Avant une rentrée qui s’annonce agitée, le scepticisme règne dans les travées de l’Église de France, chez les laïcs comme chez les prêtres. Beaucoup de ses acteurs, quand ils sont critiques, exigent l’anonymat pour s’exprimer, surtout chez les clercs. Comme si la peur des représailles régnait, loin de l’esprit synodal qui devrait en principe respecter les avis contraires et s’honorer d’un débat contradictoire.

Paule Zellitch, théologienne, présidente de la Conférence catholique des baptisé·e·s francophones (CCBF), revendique «10.000 adhérents et sympathisants». Cette association poil à gratter de l’épiscopat apprécie le projet synodal même si elle juge le texte romain trop «médian». Pour la représentante, «la question est simple: il faut que l’Église s’adapte et avance avec le monde.
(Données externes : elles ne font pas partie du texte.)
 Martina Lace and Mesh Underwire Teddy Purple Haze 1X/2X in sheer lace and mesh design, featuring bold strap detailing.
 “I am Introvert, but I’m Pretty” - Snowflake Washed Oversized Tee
Sans quoi le monde avancera sans l’Église! Où était Jésus sinon avec le monde?» Elle prévient: «Les évêques ont besoin d’altérité même s’ils n’en veulent pas. Il n’y a plus, nulle part, un chef qui décide de tout, c’est fini!»
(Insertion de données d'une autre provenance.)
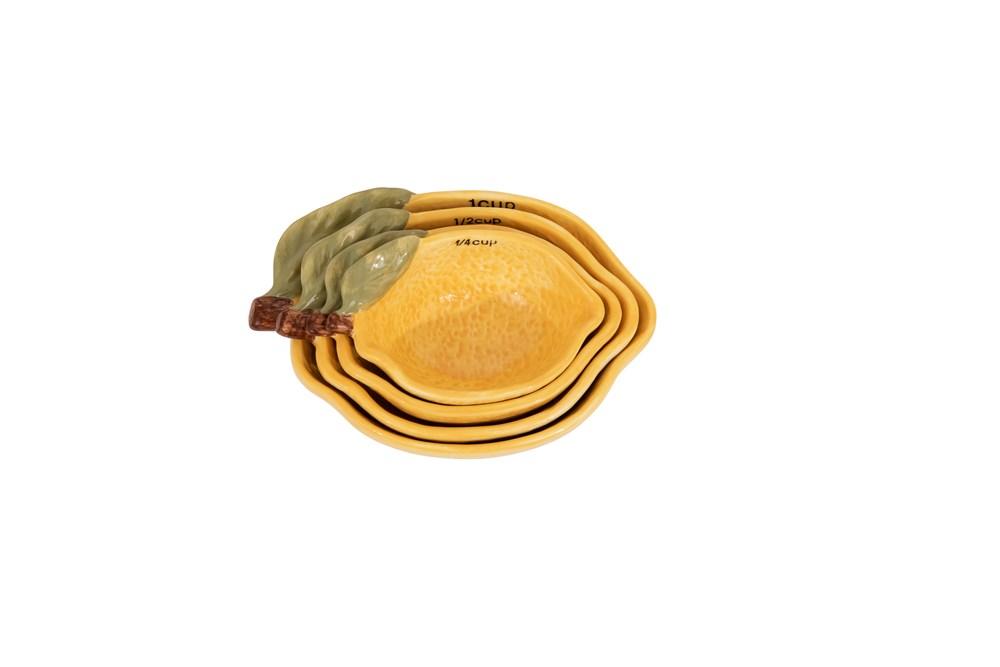 Creative Coop Measuring Cups Stoneware Lemon Measuring Cups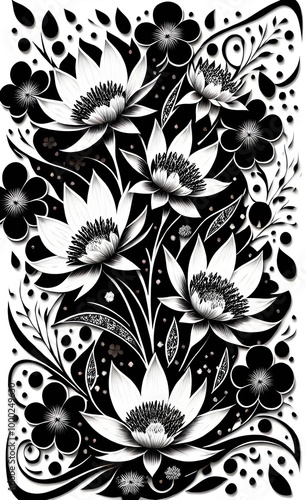 black and white floral background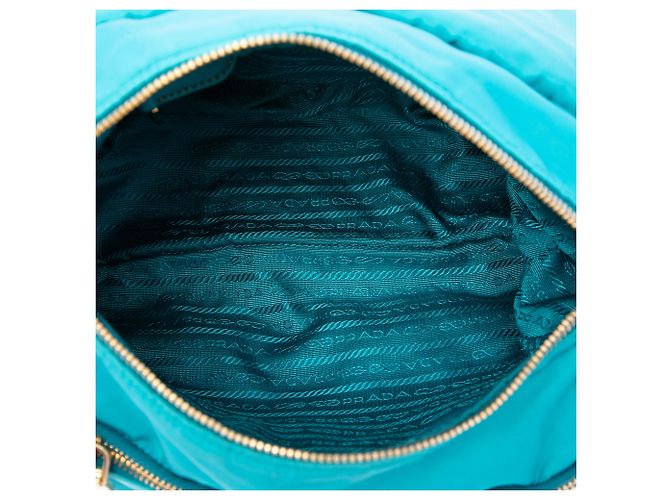 Bolsa Messenger Prada em Tessuto azul com acabamento em Saffiano, fecho de correr e fivela dupla - vista 4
Membre de l’équipe nationale du synode, Guillaume Houdan, diacre permanent dans le diocèse de Rouen, se sent lui aussi très à l’aise avec le synode. Ce père de famille âgé de 51 ans reconnaît cependant que les jeunes ont peu participé à l’enquête mondiale préalable qui a abouti au document de travail controversé. Il voit des catholiques «déstabilisés» ainsi qu’une «partie du clergé». Même si, selon lui, un point «serait à régler pour beaucoup: la place des femmes dans l’Église» et la nécessité «de leur trouver ministères plus adaptés», une question effectivement soulevée dans le document préparatoire.

Ce sujet de la place de la femme dans l’Église sera probablement «le» grand sujet synodal. Mais le débat s’annonce tendu. En voici un avant-goût: si pour Paule Zellitch, «rien dans l’Écriture ne s’oppose aux femmes diacres», le cardinal Robert Sarah, interrogé le 6 juillet aux États-Unis à ce sujet - François ne l’a pas invité au synode malgré sa popularité - rappelait: «aucun synode ne peut inventer un sacerdoce féminin.»

Désarticulation de la colonne vertébrale de l’Église

Les renversements annoncés ne passeront peut-être pas comme une lettre à la poste. Un prêtre d’expérience, modéré, s’inquiète: «Ce synode génère énormément d’angoisse chez les gens qui s’intéressent à l’Église et une profonde indifférence chez les autres.» Il ajoute: «Si la participation des laïcs ne doit pas faire débat - ils doivent avoir leur place - l’ecclésiologie catholique s’articule sur les ministères dont celui du prêtre qui est un point central. Or ce qui s’annonce est une désarticulation de cette colonne vertébrale de l’Église.»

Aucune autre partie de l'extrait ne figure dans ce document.